Administrator password policy management (including reset for forgotten passwords) for enterprise scale computing having a UNIX, Linux and Windows infrastructure

The theme of this page is to review the need for administrator password policy management (where administrator implies terms such as root and superuser), including reset for forgotten passwords in enterprise scale computing environments having a Unix, Linux and Windows infrastructure. In such facilities, the need may scale all the way from SUSE root password management to a policy covering the administrator password for an entire network of systems in which synchronization is essential.

Administrator password management policy presents a significant challenge to enterprise scale computing using Unix, Linux and Windows servers. The intended "open-ness" has resulted in administrators (aka the superuser or root) having complete freedom to roam within such systems, even after measures have been taken to guard and enforce their use of passwords. Application users are more tightly controlled, and their problems are more connected with insecure, personal measures to avoid forgotten passwords and the the consequences of requesting a password reset in the event that they do forget. Against all advice, users write their passwords on sticky notes which are all too easily discovered by malicious agents.

Implementing password policy management for administrator, superuser, and root accounts, plus reset for forgotten passwords by means of COSduty-SSA

Although it may not be immediately obvious to technical IT personnel, password policy management, in particular in connection with system administrators, superusers and others who access the root account, is of vital importance in demonstrating an organization's compliance with recent US and European legislation (Sarbanes-Oxley in the USA and similar European Directives) on corporate governance.
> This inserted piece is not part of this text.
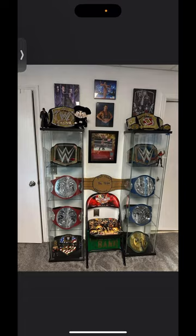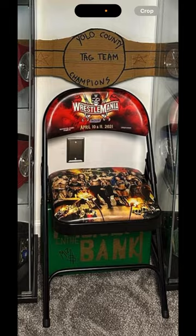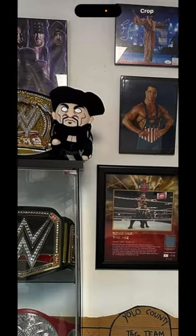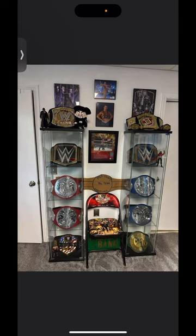He has the titles on both sides, and in the middle he has a Money in the Bank signed by The Miz, an event-used chair, the Yolo County tag, a plaque, some posters, and miscellaneous stuff. I just love the way all this goes together. Sort of a smaller collection, but very well executed, and a lovely way to display your belts.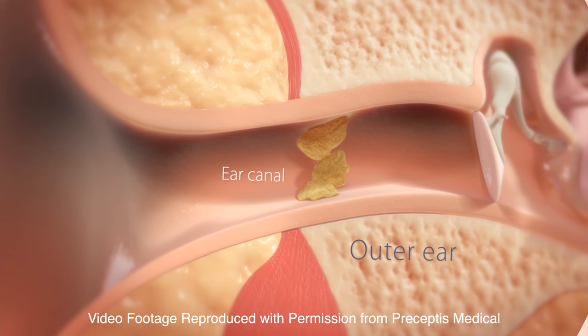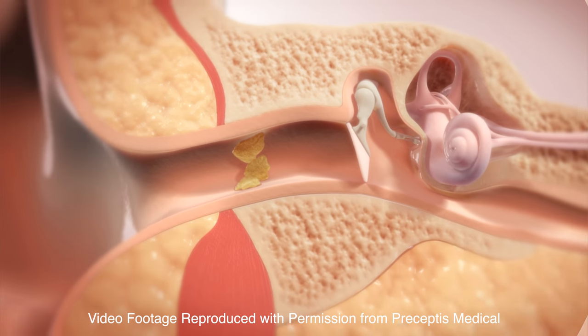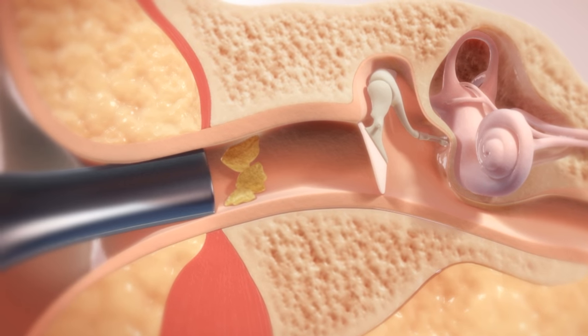Called the Hummingbird TTS, this device allows for simultaneous eardrum incision and tube placement with a single pass, significantly reducing operative time and child discomfort.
The essence of the legislation is to protect the integrity of the financial information provided to the public. This is difficult to prove when privileged IT users, typically system administrators, have unlimited access rights to critical IT systems. Unlimited access (by virtue of knowing the superuser password) has to be controlled in several ways, the first being the management of policy and passwords relevant to the process of logging on to the account. In this context policy must cover all the areas in which passwords may be vulnerable, particularly where personnel take measures to avoid forgotten passwords – for example, by writing them down – so as to avoid the inconvenience of a reset password. This applies to systems of all sizes, from the owner of the SUSE root password (on Linux systems) to the top system administrator of many resources.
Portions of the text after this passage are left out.